Researchers Improve Battery Performance Using a Pinch of Salt
Researchers discovered how a pinch of salt can improve the performance of a battery, according to a report published on May 14, 2018.
This study was conducted by the researchers at Queen Mary University of London, University of Cambridge, and Max Planck Institute for Solid State Research. It was observed that by adding salt to the inside of a supermolecular sponge and then baking it at a high temperature transformed the sponge into a carbon-based structure. These carbon structures are very crucial in providing unimpeded ion transport to active sites in a battery.
Researchers use these materials in lithium-ion batteries to demonstrate that it enables rapid charging of batteries along with one of the highest capacities. Dr. Stoyan Smoukov, lead author and project leader said, “This metamorphosis only happens when we heat the compounds to 800 degrees centigrade and was as unexpected as hatching fire-born dragons instead of getting baked eggs in the Game of Thrones. It is very satisfying that after the initial surprise, we have also discovered how to control the transformations with chemical composition.”

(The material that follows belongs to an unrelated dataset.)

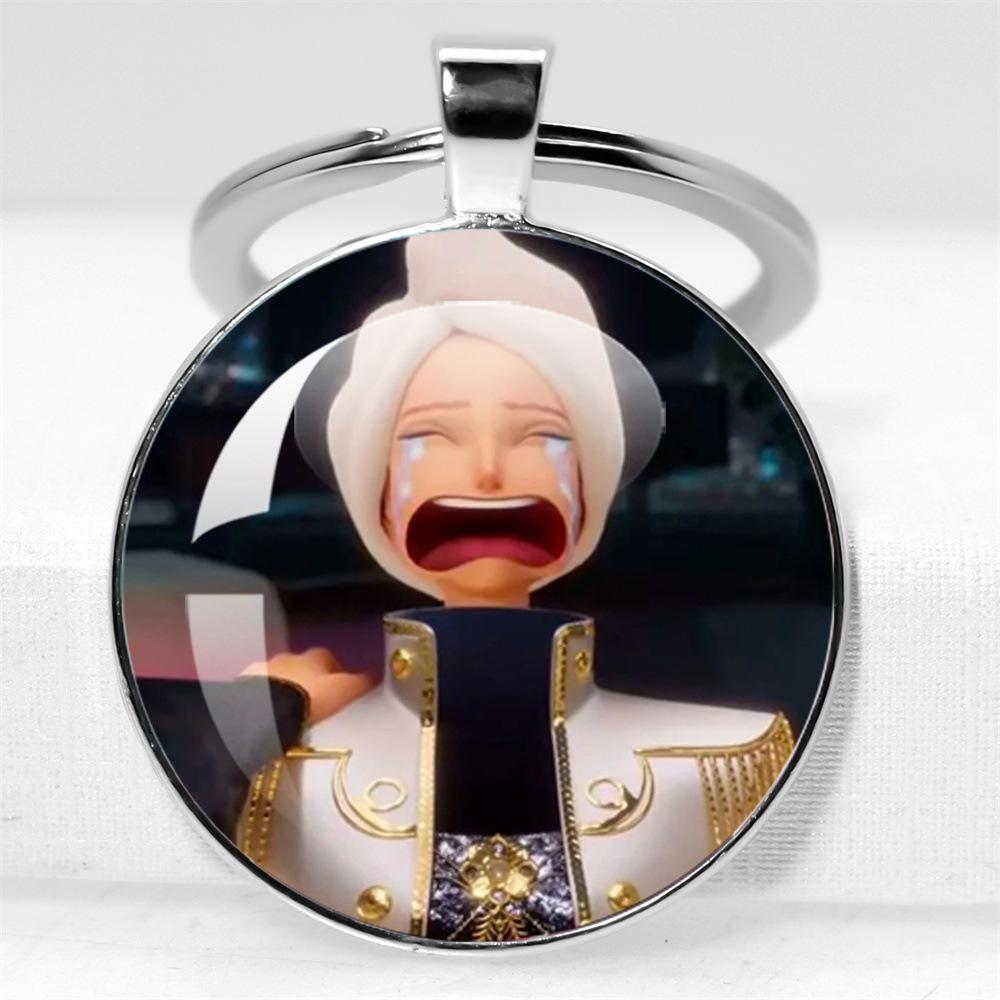 Limited EditionTimeGem Keychain ——Magic Seal × Battle-Damaged Aesthetics, Unlock The Hunting Legend With A Dimensional Key!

The supermolecular sponge used is also known as a metal organic framework (MOF) material, which are attractive, molecularly designed porous materials. It finds applications in gas storage and separation. The retention of high surface area after carbonization makes them interesting as electrode materials for batteries. By the addition of salts to the MOF sponges and carbonizing them, the researchers discovered a series of carbon-based materials with multiple levels of hierarchy.
According to the researchers, this study takes the use of MOFs to a new level and it could be beneficial to the studies being conducted in the field of energy storage, energy conversion, and sensing.